The “33” is a lightweight, minimalist running shoe line by ASICS that encouraged natural foot movement. Inspired by the 33 joints in the foot that must work together to allow it to move more efficiently, the first two shoes of the ASICS 33 series were the GEL-Blur33 and the GEL-Rush33. They weighed 9.88 ounces (men’s size 9) and 9.63 ounces (men’s 9), respectively. The idea behind the ASICS 33 series was to provide shoes with comfort, cushioning and flexibility during everyday use while remaining lightweight.
New Balance Minimus
The New Balance Minimus Series is a departure from “traditional” athletic footwear. The Minimus series consists of three shoes: Minimus Trail (7.1 ounces), Minimus Road (8.2 ounces), and the Minimus Life (5.6 ounces). These shoes were created to offer the ultimate minimalist experience by focusing on four areas of the shoe that can make it lighter in weight while remaining comfortable.
The drop in heigh from heel to toe of these shoes was just 4mm, which provided a natural foot position. The forefoot was a bit wider so the foot could expand naturally on impact. The lower heel height encouraged a midfoot strike.
At 4.4 ounces, the Hattori was the most noticeable of the three, as it became Saucony’s most minimal and lightest shoe ever. The Hattori had zero drop from heel to forefoot and fit the foot like a slipper. The Mirage and Kinvara both were minimal shoes but with slightly more cushioning than the Hattori.
PUMA developed its Faas series by studying the training habits of Jamaican athletes, in some of the fastest runners in the world. PUMA found that rather than running on treadmills and with speed parachutes, they train in their natural surroundings. This was the inspiration of the Faas series, and PUMA used the minimalist theory of “less is more.”
To create this minimalist shoe, PUMA developed a lightweight system called BioRide, an integrated system that lent a more natural and responsive ride. It came together from three integrated parts; Rocker, Flex and Groove. The rocker shape allowed for a biomechanically efficient stride with an effortless toe-off.
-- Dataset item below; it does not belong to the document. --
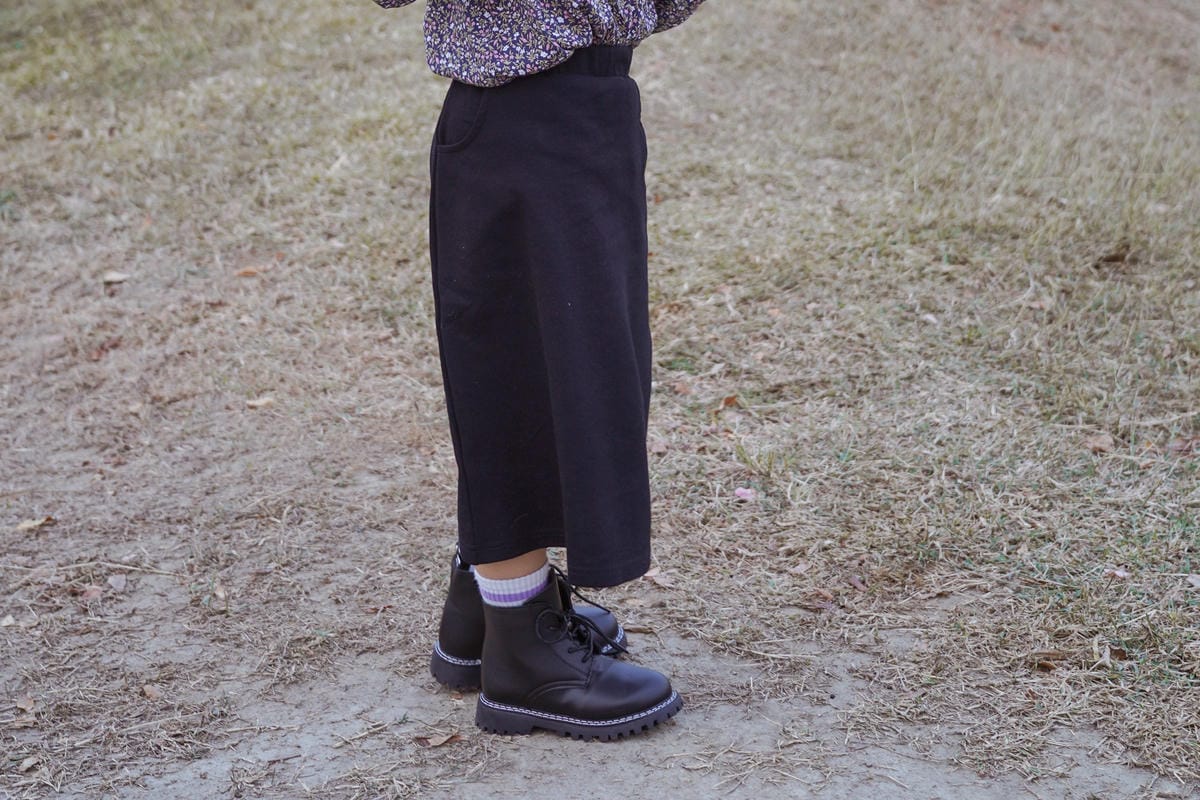 OB嚴選 1月Chloe選品 時尚親子穿搭分享9折優惠碼chloe915F.jpg OB嚴選 1月Chloe選品 時尚親子穿搭分享9折優惠碼chloe915F.jpg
The flex grooves built across the tooling increased responsiveness. The groove in the heel reinforced stability on impact.
Before you kick off your shoes
Even barefoot runners have been quick to point out that barefoot or minimalist running is not for everyone. Without care, this style of running can lead to injury. As with any new routine, or change to a routine, runners were recommended to start slowly and prepare a training schedule. Minimalist running shoes were designed to be a transitional step toward barefoot running.
This way, runners could condition their feet and develop the experience necessary to make a concrete decision on whether to go barefoot or stay with minimalist shoes.